**Problem to work on**
An exact repetition of every entry, with no images, is the required answer.

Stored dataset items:
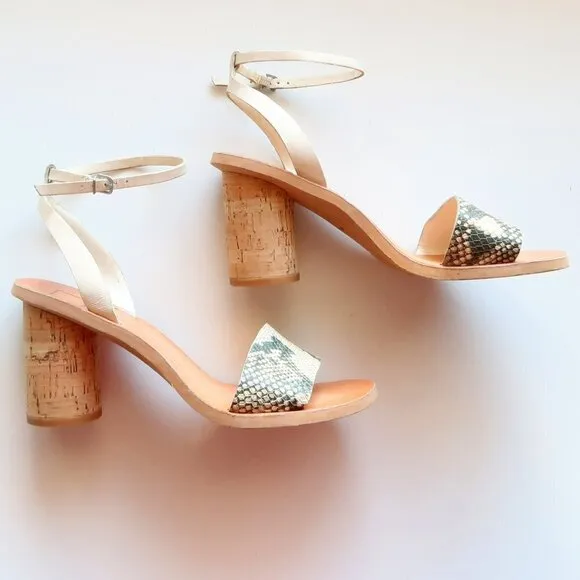 Dolce Vita Jali Snakeskin &amp; White Round Cork Heels /  Sandals / Summer Shoes S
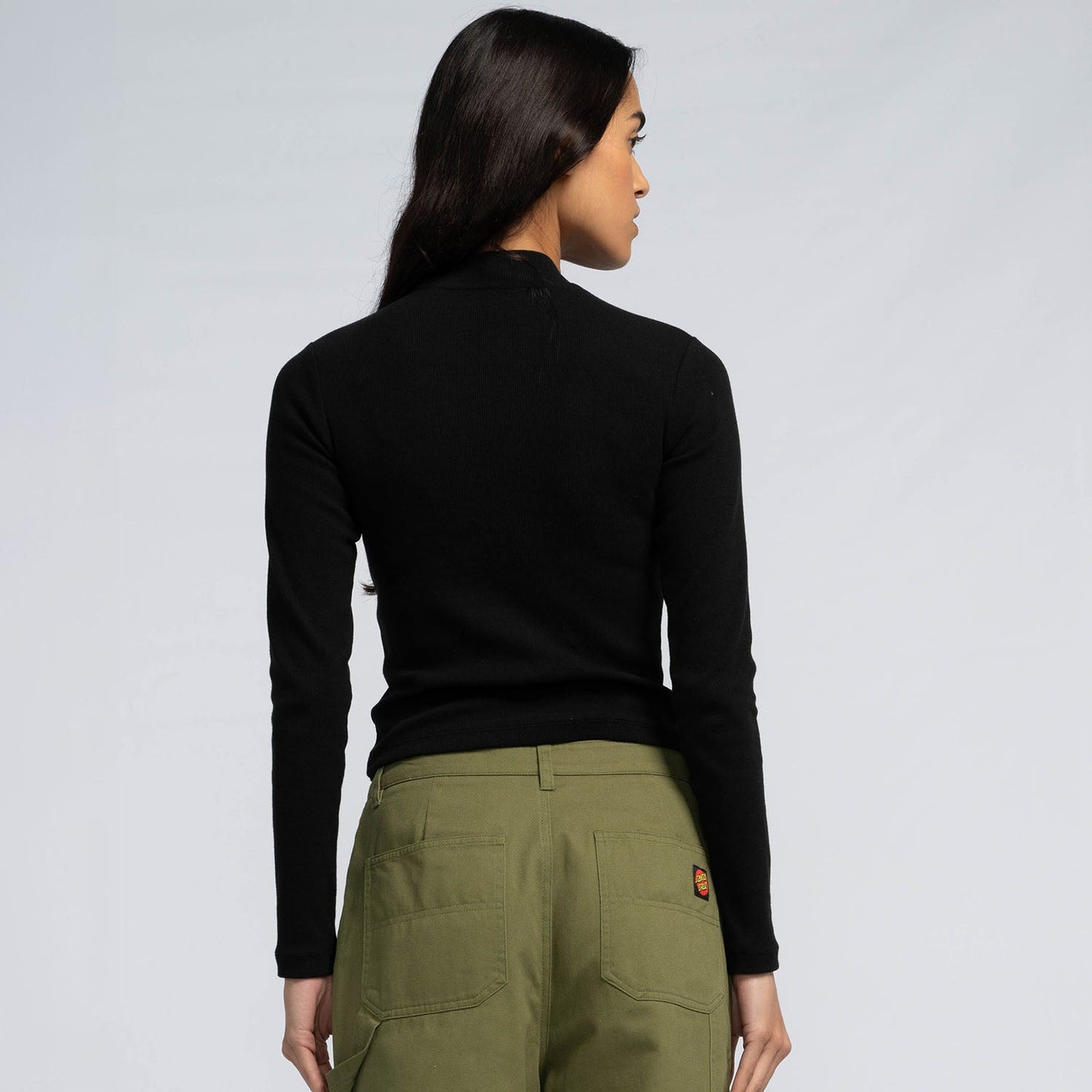 Opus Dot Mock Neck Long Sleeve Top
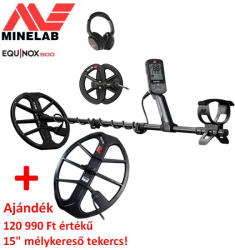  Minelab Equinox 900 Fémdetektor Fémkereső Ajándék 15'' Tekerccsel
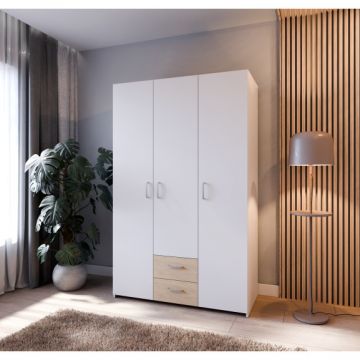 Dulap 3 Usi Ecobest Alb Si Stejar Puccini, 119.4 Cm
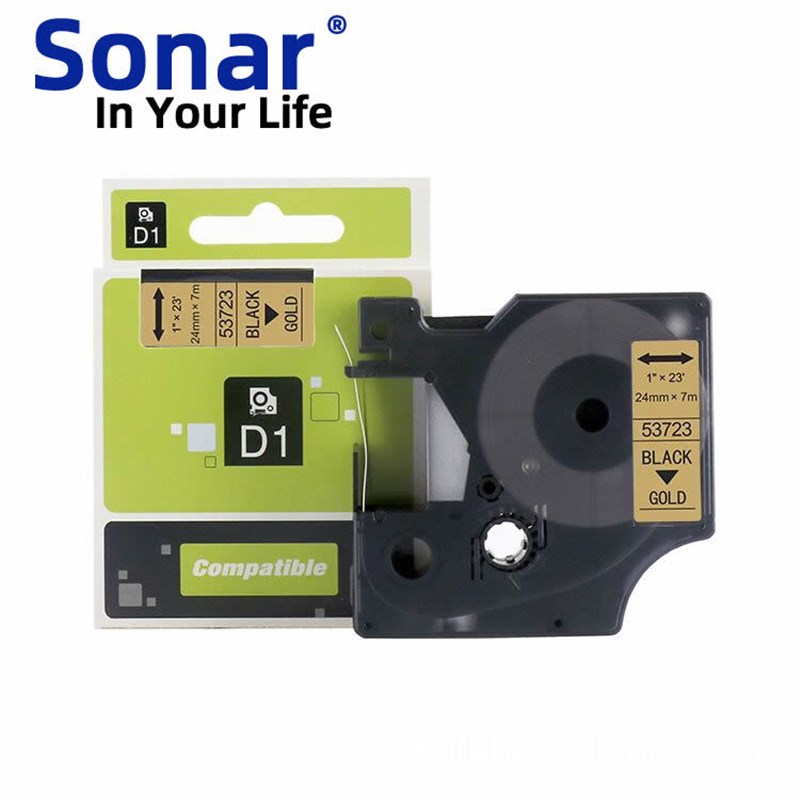 兼容达美色带53721黑底白字24mm不干胶打印纸D1标签机色带suonar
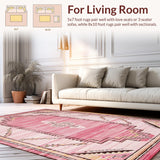 Ultra Soft Area Rug, Non Slip, Stain Resistant, Washable Area Rugs for Living Room, Bedroom, Trendy Round Western Aesthetic(Pink)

**Response below**
 Dolce Vita Jali Snakeskin &amp; White Round Cork Heels /  Sandals / Summer Shoes S
 Opus Dot Mock Neck Long Sleeve Top
  Minelab Equinox 900 Fémdetektor Fémkereső Ajándék 15'' Tekerccsel
 Dulap 3 Usi Ecobest Alb Si Stejar Puccini, 119.4 Cm
 兼容达美色带53721黑底白字24mm不干胶打印纸D1标签机色带suonar
 Ultra Soft Area Rug, Non Slip, Stain Resistant, Washable Area Rugs for Living Room, Bedroom, Trendy Round Western Aesthetic(Pink)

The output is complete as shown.